October 29, 1994|From Associated Press

MOSCOW — Alexander I. Solzhenitsyn thundered into Russian politics Friday with his first speech to Parliament--a blistering dissection of post-Soviet life in which democracy remains just a dream.

Lawmakers greeted the gray-bearded writer warmly and applauded often early in his 50-minute speech. But they cooled and applause grew sparse as he turned his ire on virtually every political current, from market reformers to Communists to the leaders of restive regions and republics.

The 75-year-old writer, who crossed Russia by train last summer after 20 years in exile, cast himself Friday as a messenger from the suffering people.
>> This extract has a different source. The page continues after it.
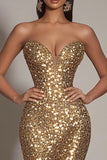 Sparkly Gold Sequins Sweetheart Mermaid Long Formal Dress with Slit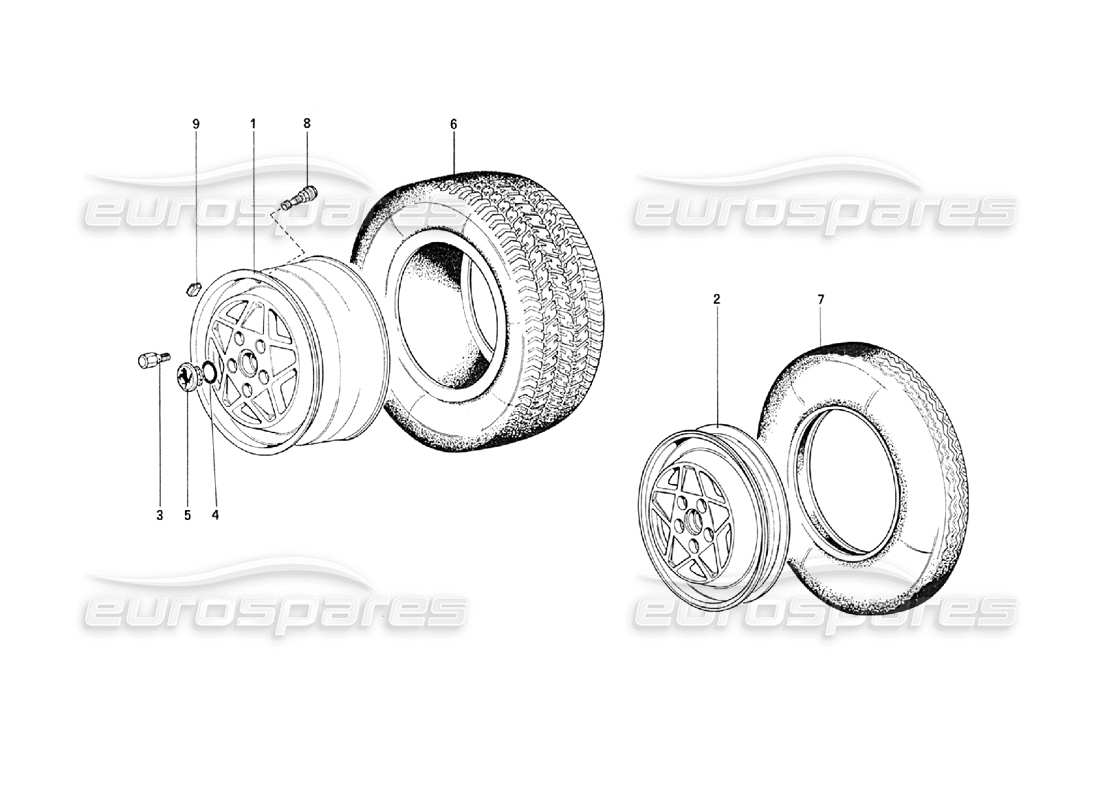 Ferrari 208 Turbo (1989) Wheels (Starting From Car No. 76626) Parts Diagram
But some in the audience of the Duma, Parliament's lower house, wondered whether the Nobel laureate wasn't as out of touch with the Russian people as the politicians he condemned.

Solzhenitsyn ran through the painful changes that have accompanied Russia's post-Soviet turn toward capitalism: crime, inflation, industrial decline, poor health, the dominance of the U.S. dollar.

"Russia is emerging from communism on the most twisted, painful and awkward path," he said.

Solzhenitsyn shouted often and gesticulated dramatically. The country, he argued, is still run by Soviet " nomenklatura turncoats disguised as democrats."

"We must admit honestly, this is not a democracy. Now we have an oligarchy, since the power belongs to a limited number of people," he said.